BEGIN Information

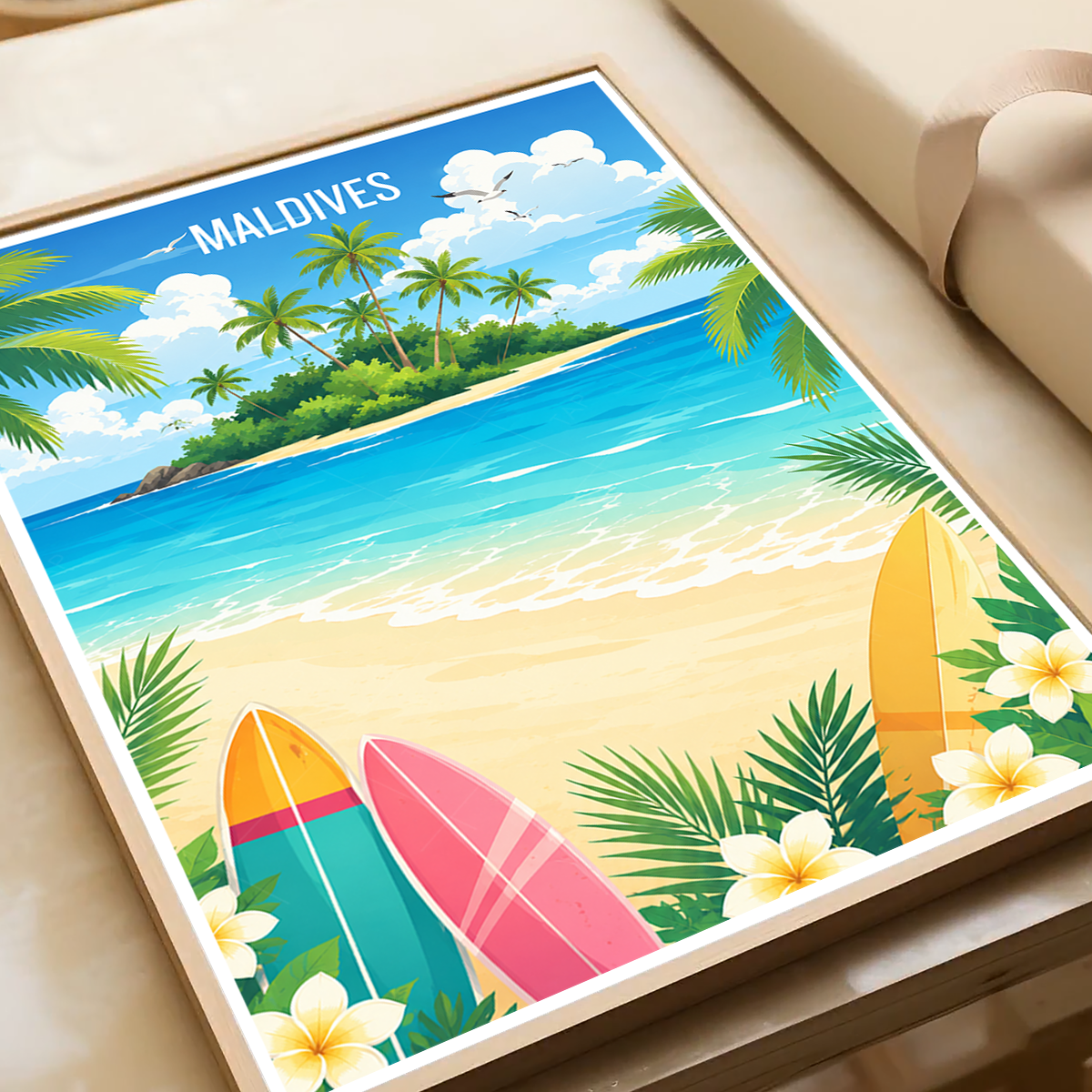 Maldives - Travel Wall Art Beach Poster Print - Art Print - Travel Art Poster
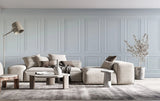 Tapet personalizat arhitectural walls cu ancadramente de perete in nuante de albastru deschis baby blue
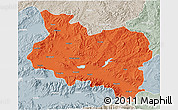 Political 3D Map of Manisa, lighten, semi-desaturated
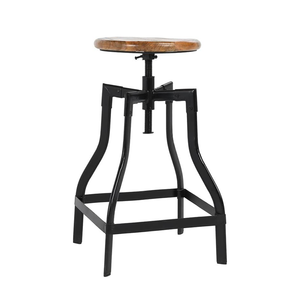 Industrial Style Counter Stools Adjustable Backless Chair with Wood Seat and Metal Base ZG18-038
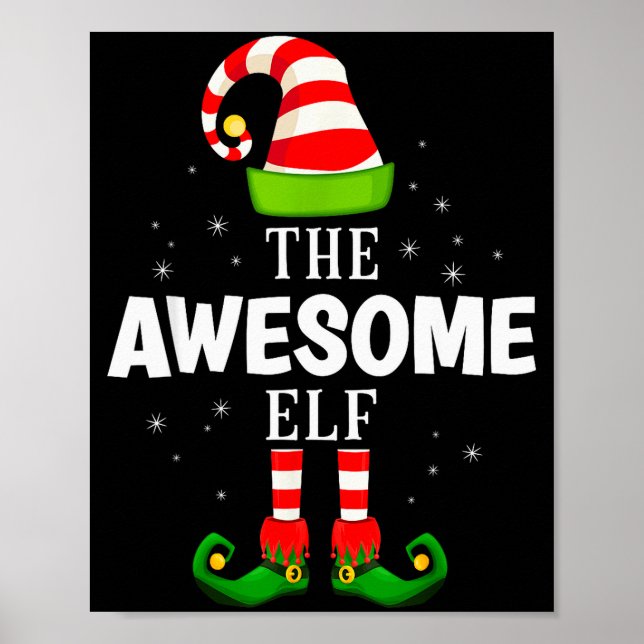 The Awesome Elf Christmas Pjs Matching Pajama  Poster (Front)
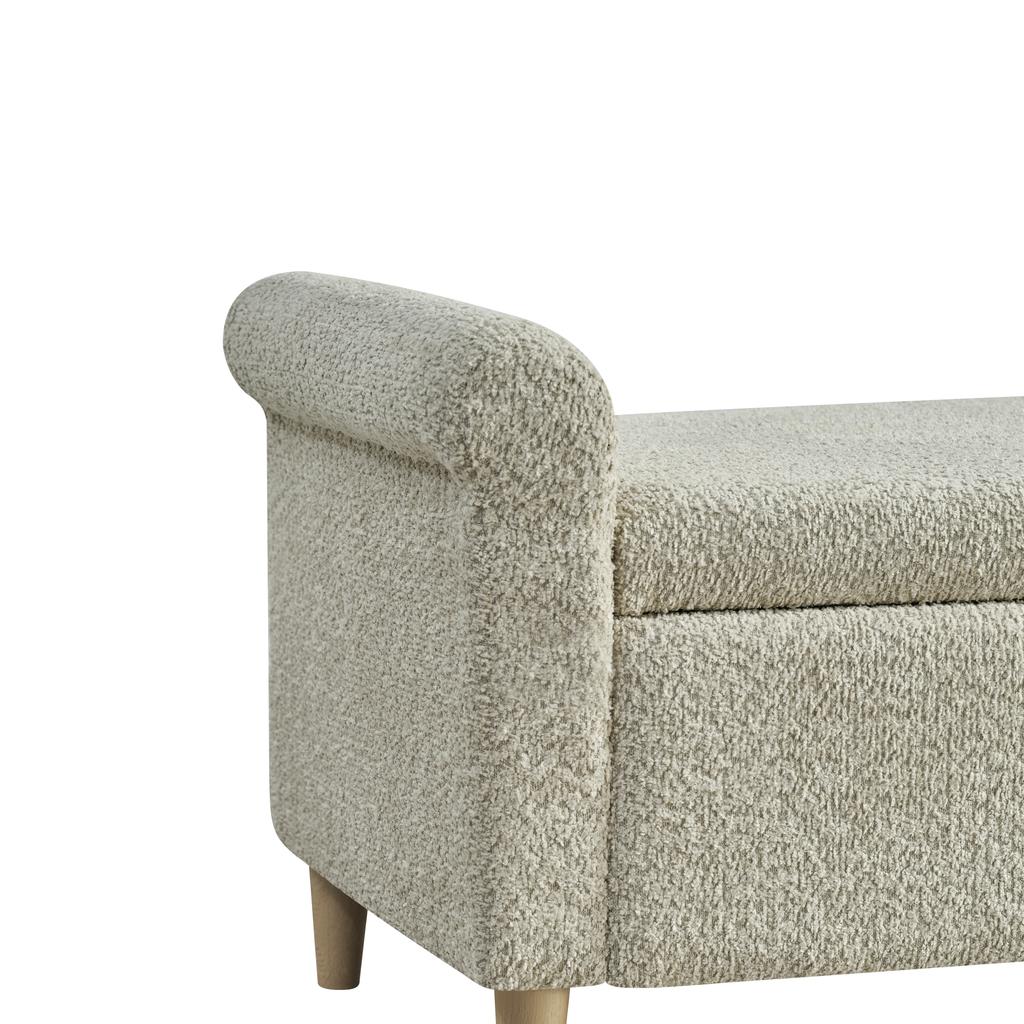 Storage Ottoman Footstool, Fabric Upholstered Footrest with Lift-Up Lid, Scandinavian Style Compact Stool for Living Room or Bedroom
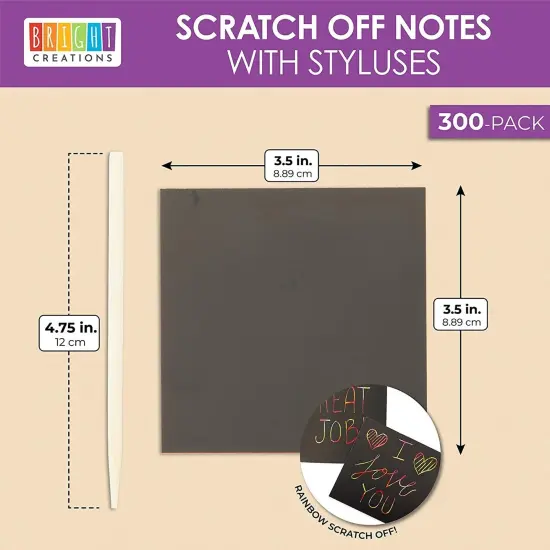 Rainbow Scratch Off Notes with 2 Wood Styluses Sticks (3.5 in, 300 Sheets) Black {2}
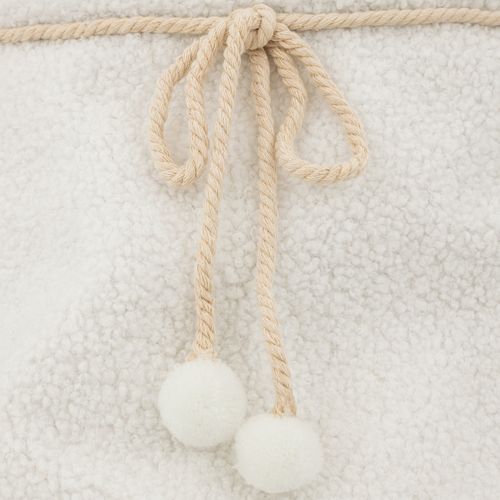 Cache Pied De Sapin En Bouclettes Blanche D 56 Cm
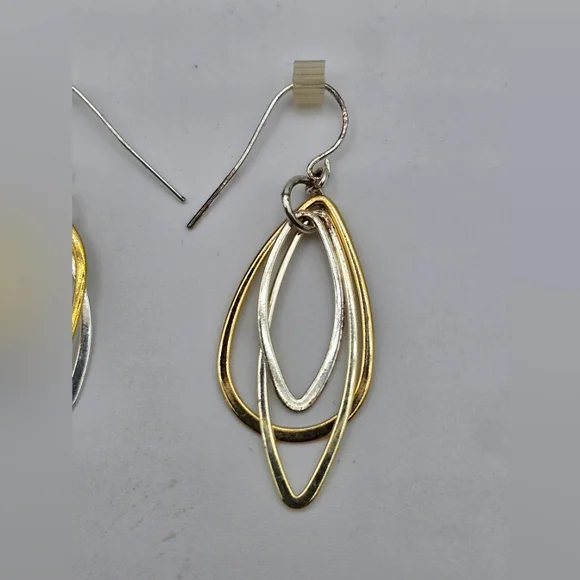 Sterling Silver Layered Dangle Earrings - Picture 4 of 7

END Information

▶ Work order: Please give again only the lines from the one containing "Rainbow Scratch Off" through the last line of the entries above, exactly as they stand and without pictures.

▶ Exercise response:
 Rainbow Scratch Off Notes with 2 Wood Styluses Sticks (3.5 in, 300 Sheets) Black {2}
 Cache Pied De Sapin En Bouclettes Blanche D 56 Cm
 Sterling Silver Layered Dangle Earrings - Picture 4 of 7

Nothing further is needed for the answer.